What to produce: Your task is to copy the listing exactly. Drop any pictures from the copy.

Data shown:
§

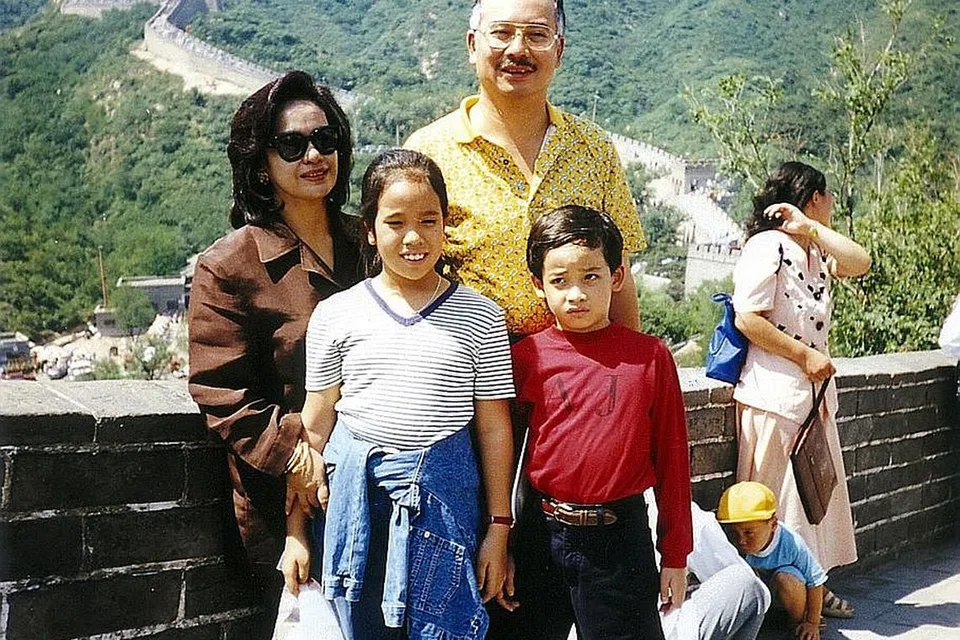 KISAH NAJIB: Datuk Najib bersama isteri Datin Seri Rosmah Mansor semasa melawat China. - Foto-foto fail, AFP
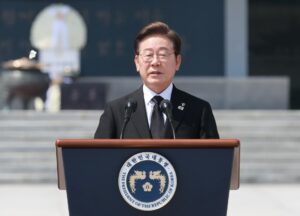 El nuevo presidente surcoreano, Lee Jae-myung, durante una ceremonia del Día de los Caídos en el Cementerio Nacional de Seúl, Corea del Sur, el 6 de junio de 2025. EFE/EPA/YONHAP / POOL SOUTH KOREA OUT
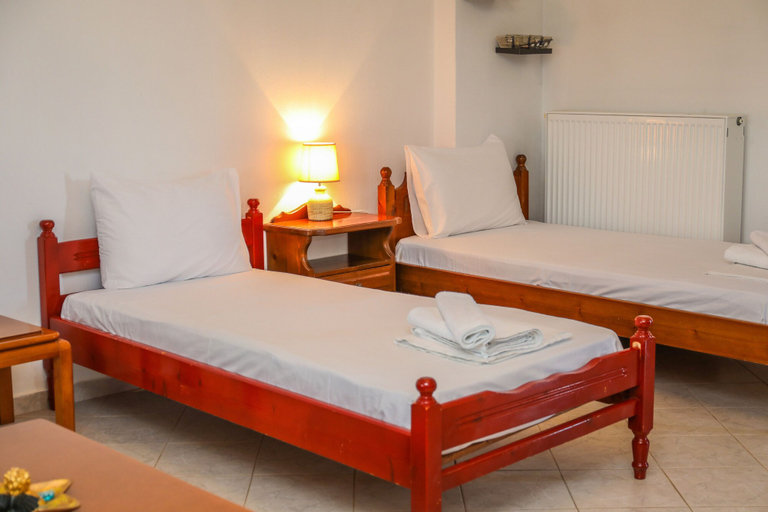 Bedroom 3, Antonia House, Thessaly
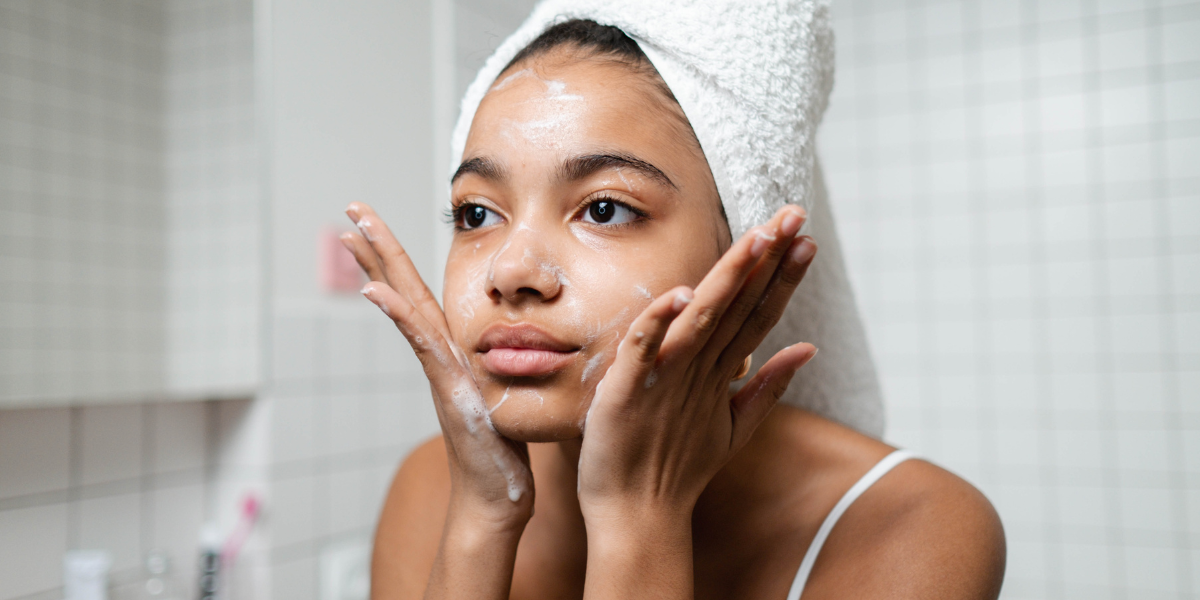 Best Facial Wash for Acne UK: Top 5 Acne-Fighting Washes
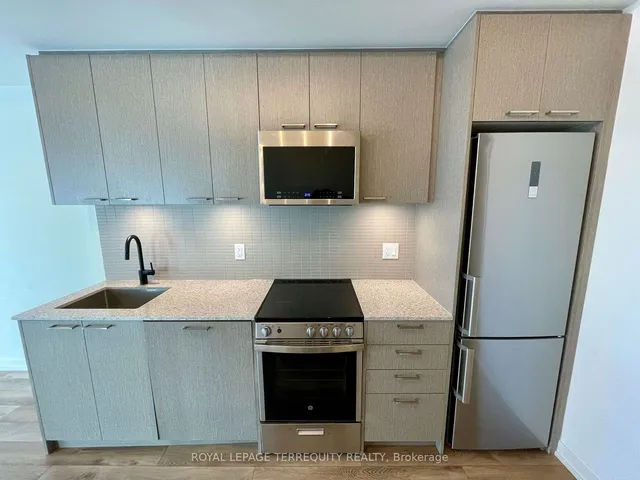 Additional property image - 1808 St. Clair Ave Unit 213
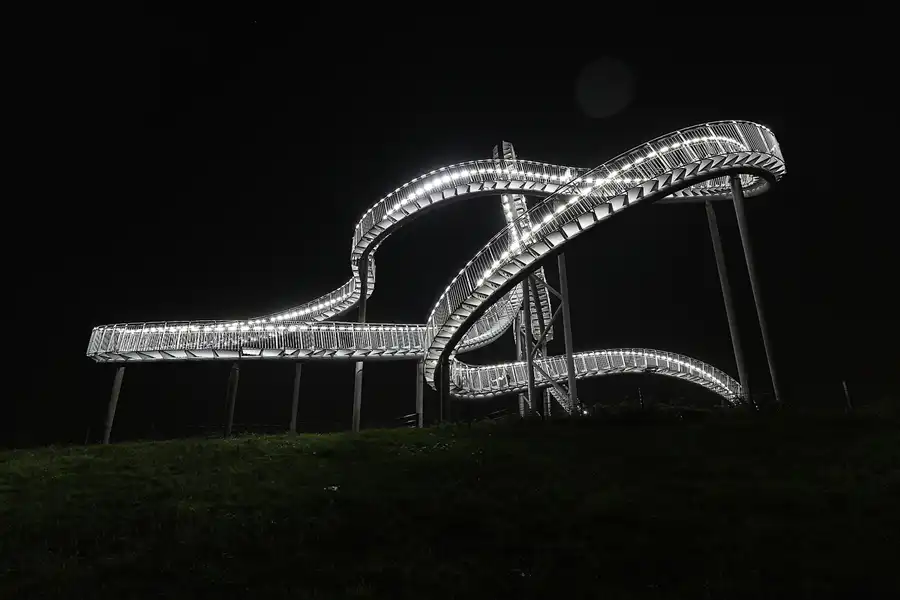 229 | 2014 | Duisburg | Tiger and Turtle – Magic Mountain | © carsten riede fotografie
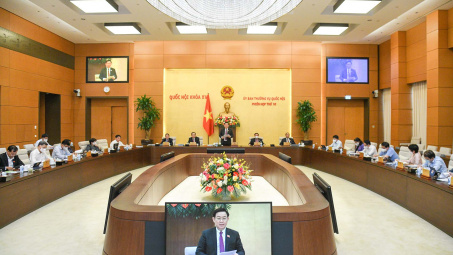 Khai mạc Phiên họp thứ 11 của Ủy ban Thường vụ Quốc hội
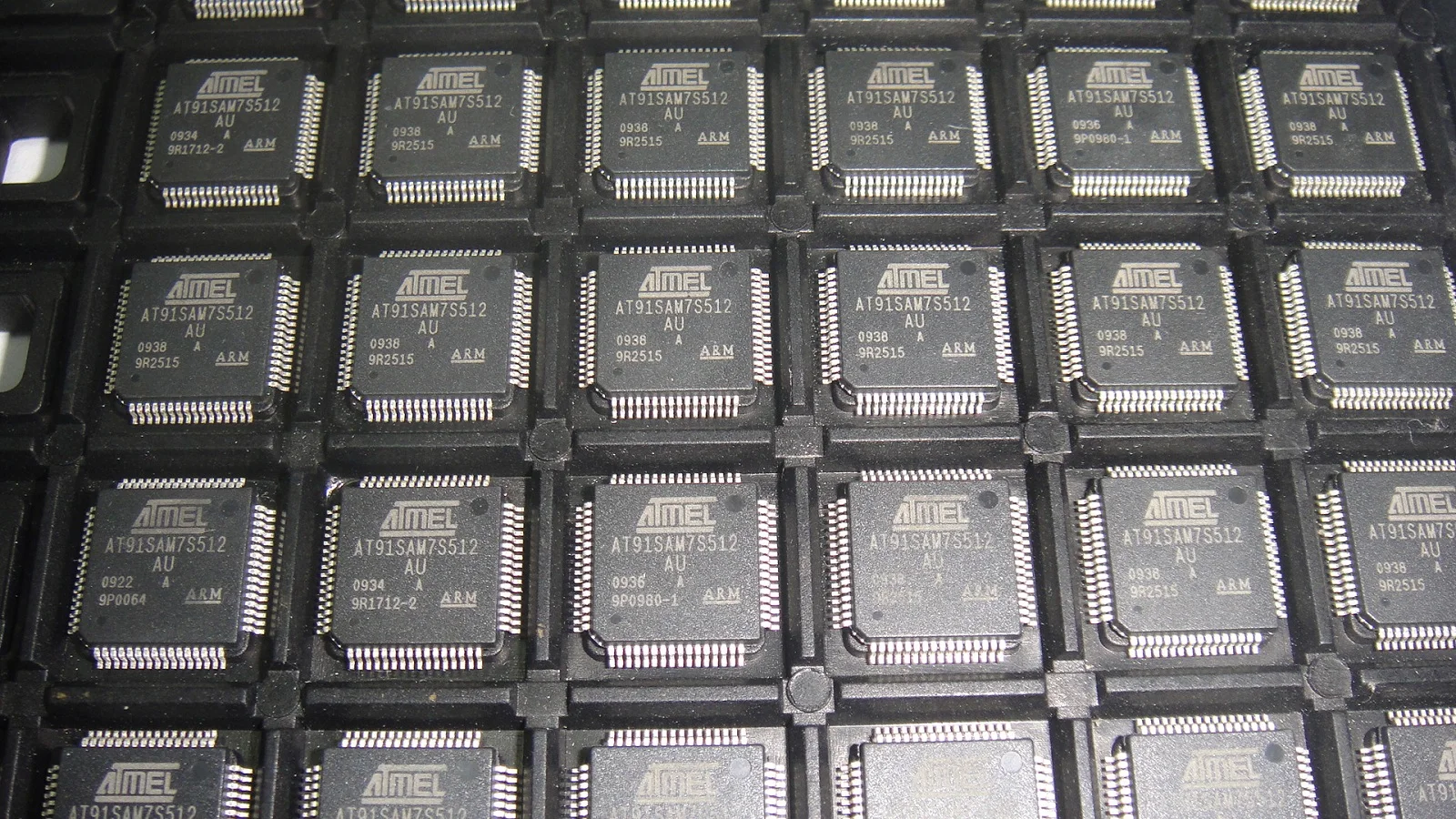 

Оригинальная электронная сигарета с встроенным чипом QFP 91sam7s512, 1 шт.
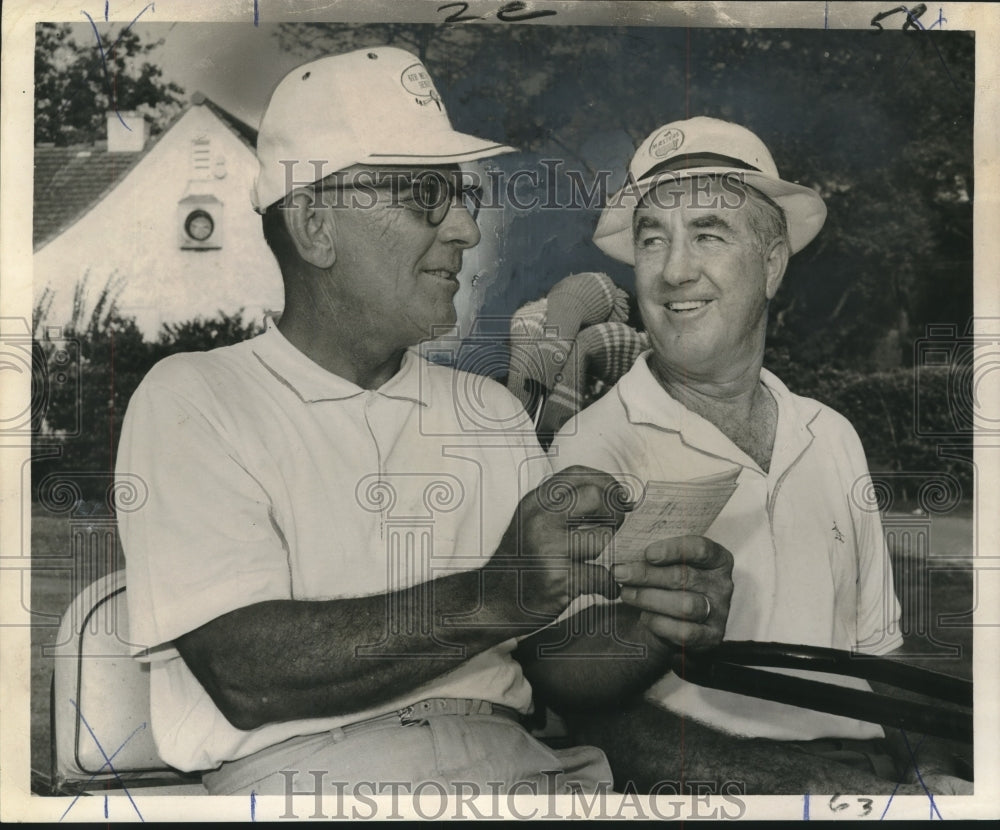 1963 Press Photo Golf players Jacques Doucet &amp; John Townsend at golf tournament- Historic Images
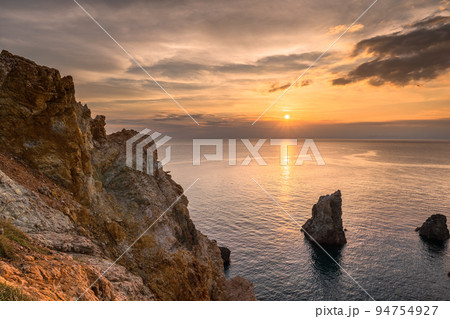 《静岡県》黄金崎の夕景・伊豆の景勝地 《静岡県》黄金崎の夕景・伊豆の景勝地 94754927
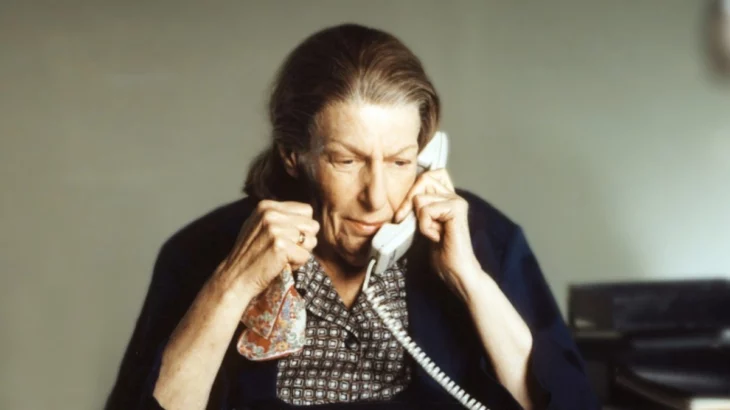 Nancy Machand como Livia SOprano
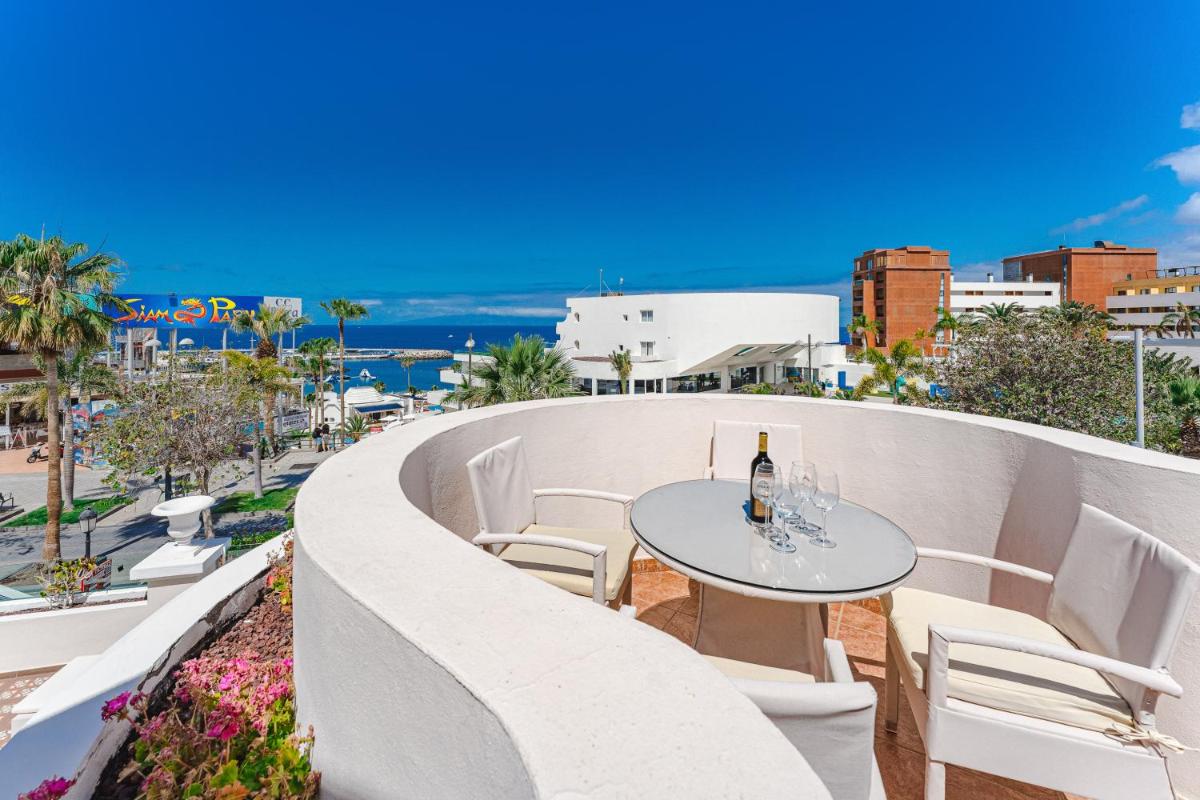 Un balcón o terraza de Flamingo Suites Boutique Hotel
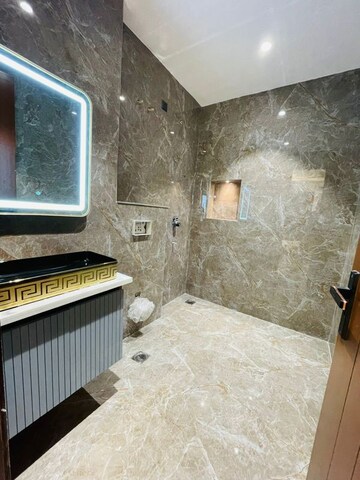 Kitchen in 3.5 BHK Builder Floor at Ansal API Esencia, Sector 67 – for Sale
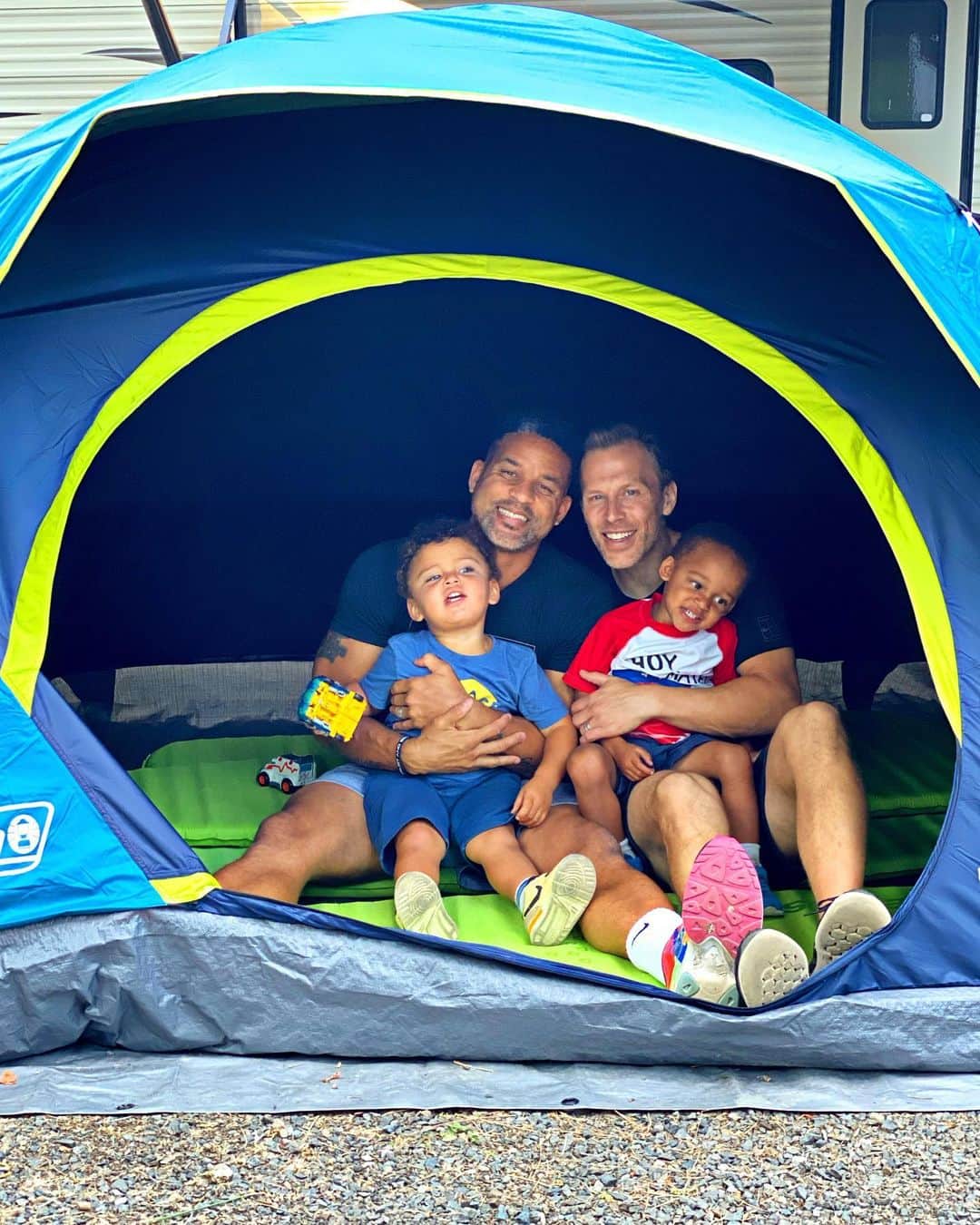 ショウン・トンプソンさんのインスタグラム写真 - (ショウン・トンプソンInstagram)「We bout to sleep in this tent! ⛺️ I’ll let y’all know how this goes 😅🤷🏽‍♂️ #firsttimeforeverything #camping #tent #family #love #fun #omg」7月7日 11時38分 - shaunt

§

Written response:
 KISAH NAJIB: Datuk Najib bersama isteri Datin Seri Rosmah Mansor semasa melawat China. - Foto-foto fail, AFP
 El nuevo presidente surcoreano, Lee Jae-myung, durante una ceremonia del Día de los Caídos en el Cementerio Nacional de Seúl, Corea del Sur, el 6 de junio de 2025. EFE/EPA/YONHAP / POOL SOUTH KOREA OUT
 Bedroom 3, Antonia House, Thessaly
 Best Facial Wash for Acne UK: Top 5 Acne-Fighting Washes
 Additional property image - 1808 St. Clair Ave Unit 213
 229 | 2014 | Duisburg | Tiger and Turtle – Magic Mountain | © carsten riede fotografie
 Khai mạc Phiên họp thứ 11 của Ủy ban Thường vụ Quốc hội

Оригинальная электронная сигарета с встроенным чипом QFP 91sam7s512, 1 шт.
 1963 Press Photo Golf players Jacques Doucet &amp; John Townsend at golf tournament- Historic Images
 《静岡県》黄金崎の夕景・伊豆の景勝地 《静岡県》黄金崎の夕景・伊豆の景勝地 94754927
 Nancy Machand como Livia SOprano
 Un balcón o terraza de Flamingo Suites Boutique Hotel
 Kitchen in 3.5 BHK Builder Floor at Ansal API Esencia, Sector 67 – for Sale
 ショウン・トンプソンさんのインスタグラム写真 - (ショウン・トンプソンInstagram)「We bout to sleep in this tent! ⛺️ I’ll let y’all know how this goes 😅🤷🏽‍♂️ #firsttimeforeverything #camping #tent #family #love #fun #omg」7月7日 11時38分 - shaunt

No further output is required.